Last modified Time file list in aws s3 using python

不羁岁月 提交于 2020-03-03 02:55:48

问题


I have multiple keys under my aws s3 bucket. The structure is :

bucket/tableName1/Archive/archive1.json -to- bucket/tableName1/Archive/archiveN.json bucket/tableName2/Archive/archive2.json -to- bucket/tableName2/Archive/archiveN.json bucket/tableName1/Audit/audit1.json -to- bucket/tableName1/Audit/auditN.json bucket/tableName2/Audit/audit2.json -to- bucket/tableName2/Audit/auditN.json

I want to get the keys from the Audit folder only if it is present in a key and get only the the latest file i.e. which has the last modified time as most recent from that Audit folder.

The result that I am trying to get is a list of dictionary :

[{'tableName1' : 'auditN.json'}, {'tableName2' : 'auditN.json'}]

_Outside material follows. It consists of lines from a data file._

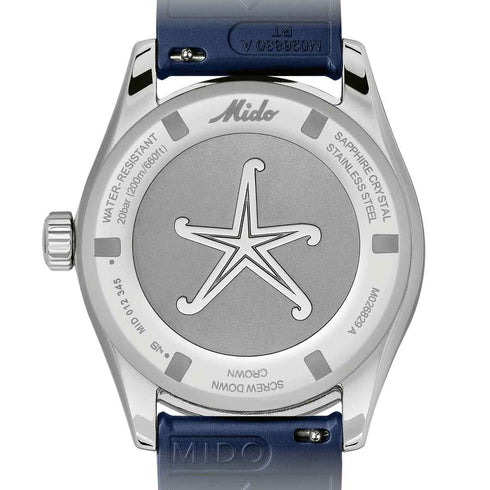 Mido Ocean Star Decompression Worldtimer M026.829.17.041.00 Orologio automatico da uomo - Quadrante blu, bracciale in acciaio inossidabile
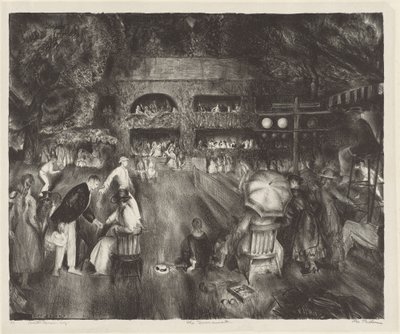 Turneringen, 1920. av George Wesley Bellows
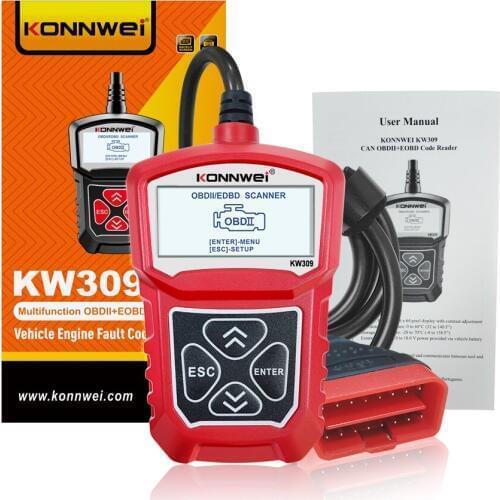 LED Display Car Check Engine Code Reader Scanner For Honda Nissan Chevrolet Ford Chrysler Dodge ELM327 OBD2 Diagnostic Tools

Assuming auditN.json is the newest file.

I tried different methods but i am not getting the desired result.I am trying the solution on databricks notebook. Is there a way that I can achieve this ?


回答1:


Well, I've been reading and searching over a lot of threads about what you're asking but no luck. So, I had to write my own lambda function.

The following code snippet iterate over all folders, then iterate over the subfolders check if the subfolder name == Audit, if it does- sort by last modified and print the newest object.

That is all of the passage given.